The makeup of the sugar industry, including the Belize Sugar Industries (BSI) and the Sugar Industry Control Board (SICB) at the top, is a matter that requires serious, historical research. That is because there has been a lot of party and personal politics involved in the sugar industry, there has been a lot of corruption, and there has been a lot of waste and inefficiency. These things were never examined and detailed, apparently, because there was enough money being made by everybody, and so the sugar industry remained Belize’s economic strength, and the cane farmers, who had once been lowly refugees here, became surrounded by an aura of self-reliance and power.

What happened on Sunday morning in San Roman represents a devastating blow for Belize’s national pride. A month ago under great duress, with American Sugar Refinery (ASR) holding back the commencement of the sugar cane grinding season and thus holding growers up to ransom, the cane farmers in the BSCFA voted to accept an agreement basically on ASR’s terms. Two weeks ago, however, a veteran activist cañero named Lucilo Teck waved the flag of resistance, and brought the attorney Audrey Matura-Shepherd to explain to the cane farmers that the Government of Belize had the power, in fact that power was mandated through the Sugar Industry Control Board, to set a date for the grinding season and instruct the factory owners, ASR, to begin operation. Whereupon, the cane farmers voted enthusiastically in general assembly to reject the ASR agreement they had previously accepted under duress.

But then the Prime Minister of Belize used his office to intervene on the side of the company, and allowed political operatives to divide the unity of the BSCFA. Two more cane farmers’ associations were quickly formed, which rushed to sign the ASR agreement, and the badly wounded and desperate BSCFA fell into line on Sunday morning in San Roman. The cane farmers of Belize had been smashed by international investment capital.

At the beginning of this essay, we pointed out to you that our cane farmers became the strongest sector of Belize’s socio-economy over the course of Belize’s battle for self-rule.
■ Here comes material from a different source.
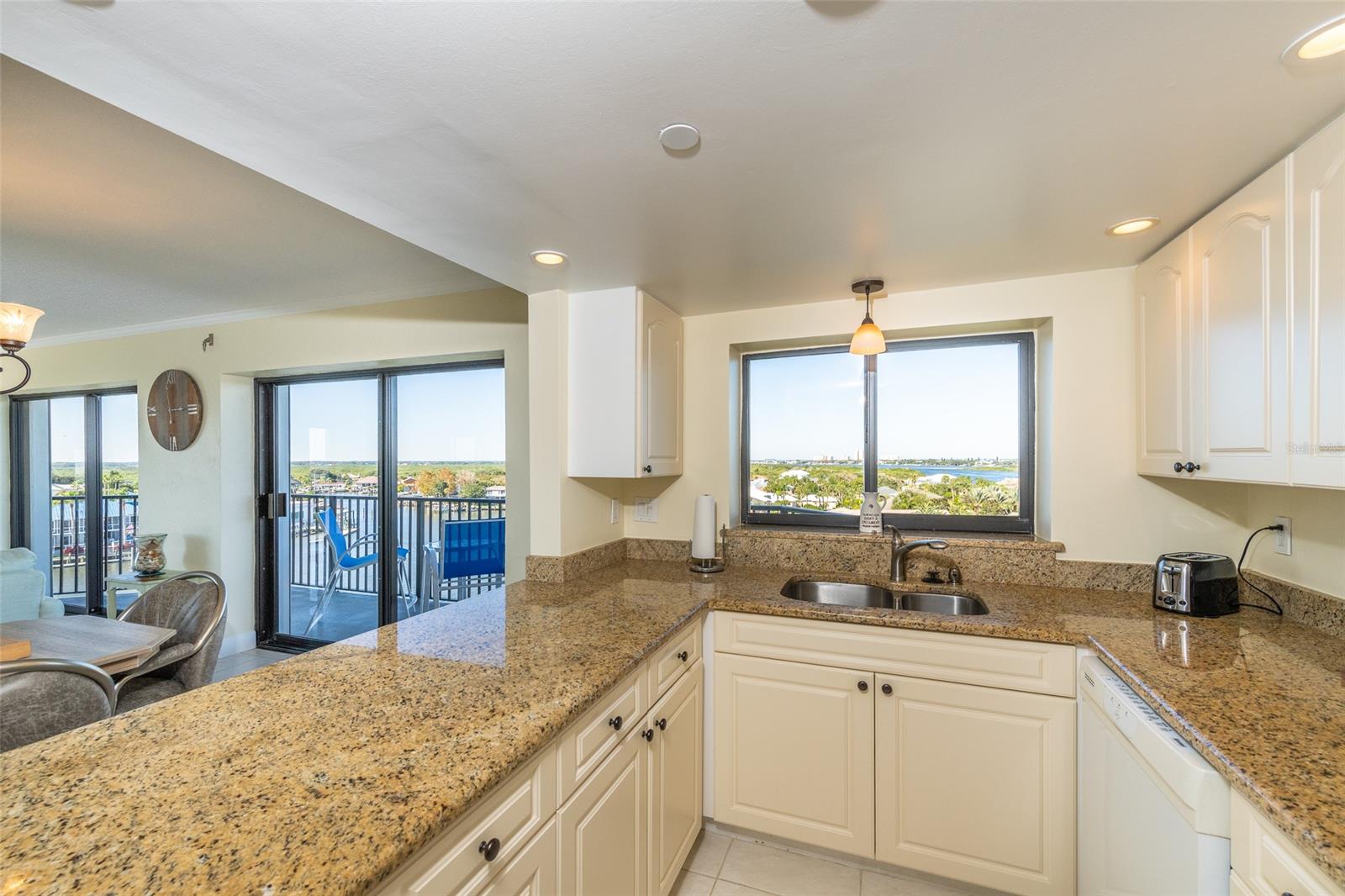 Diamond Head Point Condo - Residential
The cane farmers are symbolic of the Belizean grit which made Belize’s independence possible. In their villages in Corozal and Orange Walk, the cane farmers had not been softened by the British colonial culture of the population center. The cane farmers did not embrace the flashy American culture which came after independence and mentally colonized Belize’s urban centers. They had remained in their Belize Sugar Cane Farmers Association, had retained many of their traditional values, and it was in the BSCFA general assembly that they had always gone to work out their differences and make their decisions. At least, that’s how it always appeared to us down here in the media capital.

Well, the BSCFA had become locked in combat with ASR. ASR won a temporary victory, but then the cane farmers fought back with a Teck/Matura Supreme Court injunction. At that point, the Prime Minister of Belize, himself desperate for the grinding season to begin, went against BSCFA and with ASR in order to break the impasse. The fact of the matter is, cold talk, that he went against his own Belizean people.

It may be that time will establish that this was a courageous decision made on principle by Prime Minister Barrow because of terrible exigencies. What time will surely tell is whether this agreement was a good deal or a bad deal for cane farmers, and it is on that basis that Mr. Barrow will be judged. For now, all we know is that our Belizean cane farmers, who were legendary because of their unity and strength, have been broken, publicly. And what nationalism means is that when our cane farmers are broken, the rest of us Belizeans are also broken.

Power to the people. Power in the struggle.